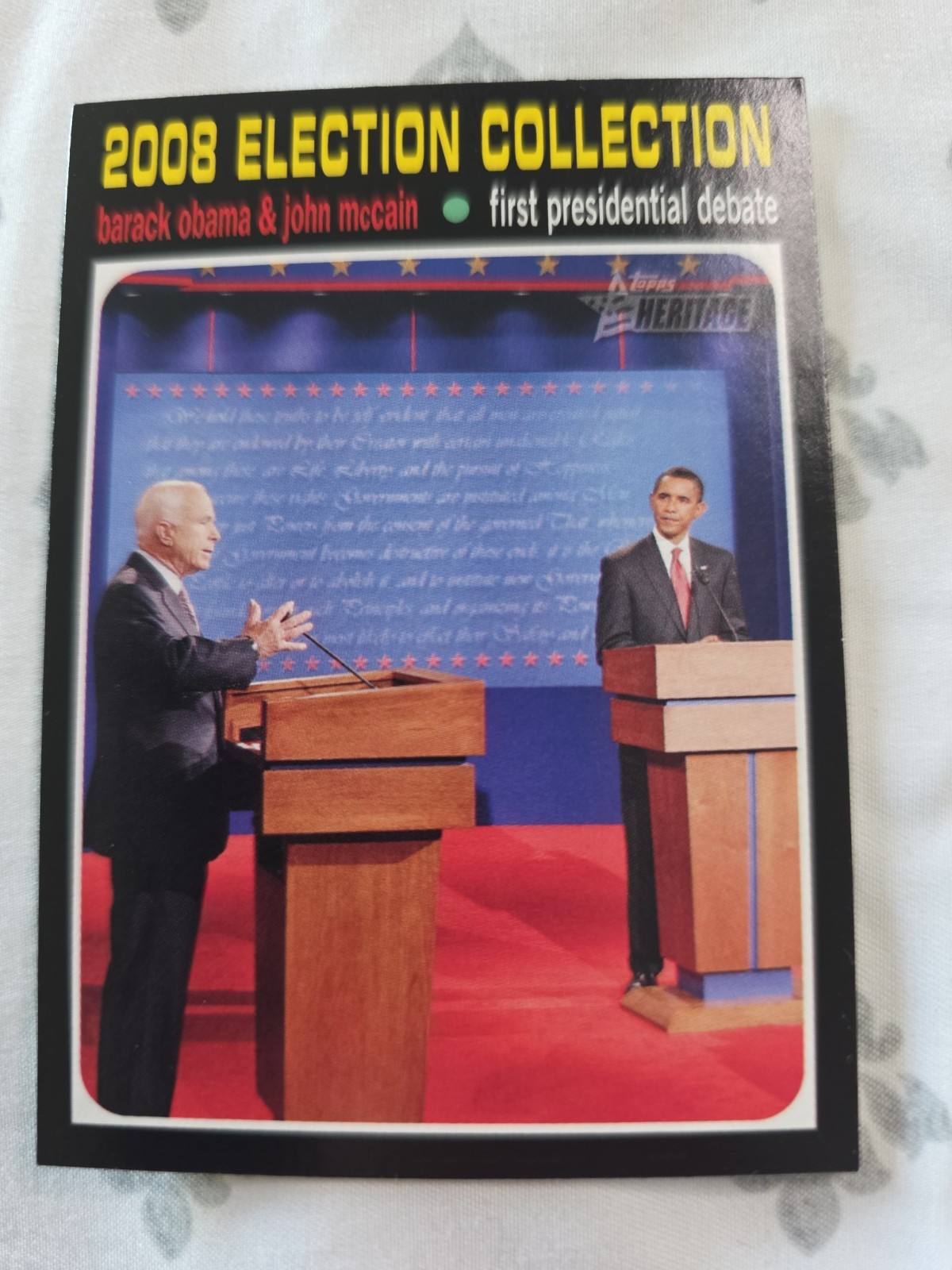 2008 Election Collection Obama And Mccain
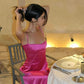 Sexy Party Dresses Satin Long Prom Dresses       S5251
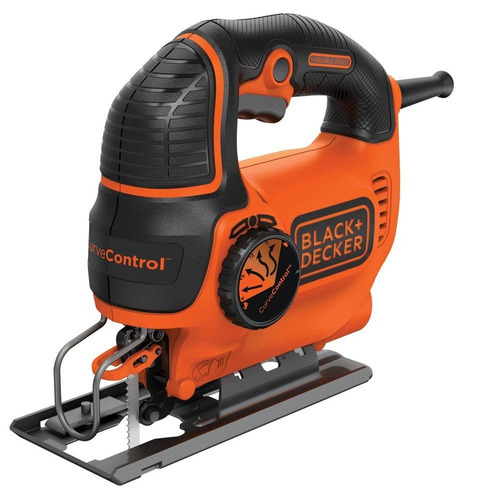 Black + Decker Bdejs600c Sierra Caladora 5.0 Amp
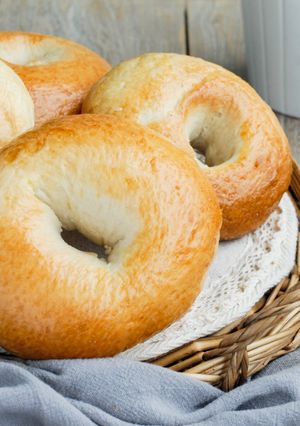 簡單原味貝果Bagel 的食譜成品照片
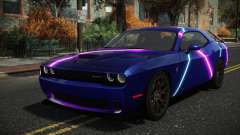 Dodge Challenger Tunajy S13 for GTA 4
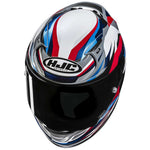 HJC RPHA 12 Dravix MC21 White Blue Red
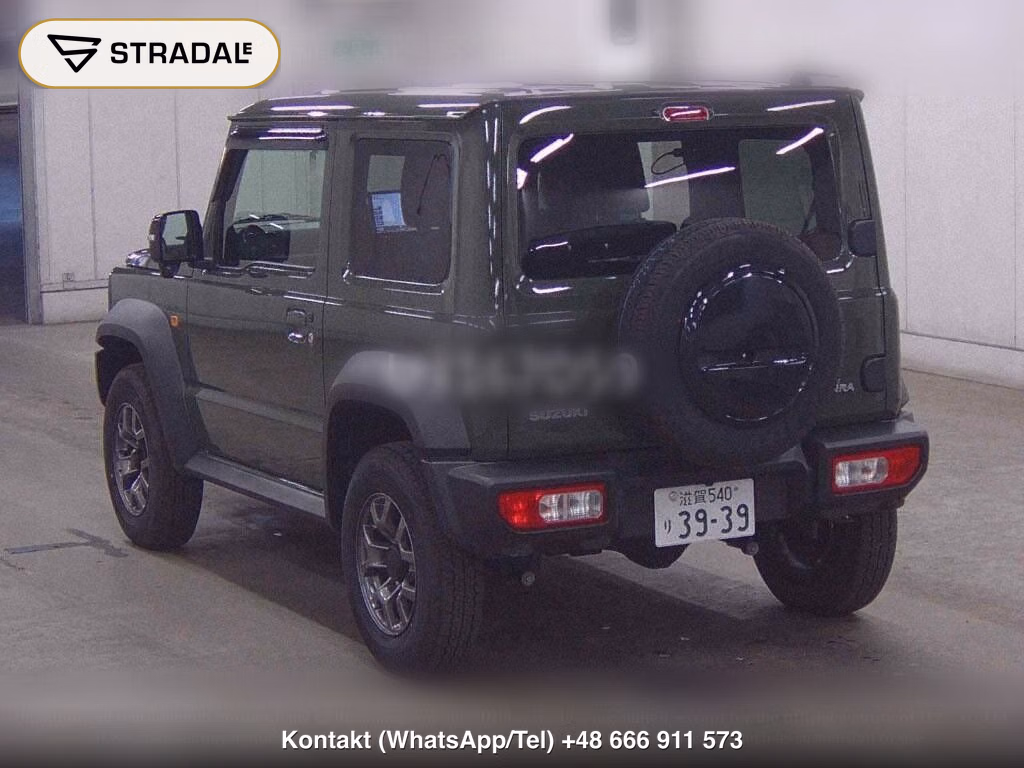 SUZUKI JIMNY SIERRA 4WD JC, miniaturka 3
..............................
**ACTIVITY**
Would you transcribe exactly, and only, the lines from the one containing "Black + Decker" through the last line of the records above, both included, leaving out the pictures?

**SOLUTION**
 Black + Decker Bdejs600c Sierra Caladora 5.0 Amp
 簡單原味貝果Bagel 的食譜成品照片
 Dodge Challenger Tunajy S13 for GTA 4
 HJC RPHA 12 Dravix MC21 White Blue Red
 SUZUKI JIMNY SIERRA 4WD JC, miniaturka 3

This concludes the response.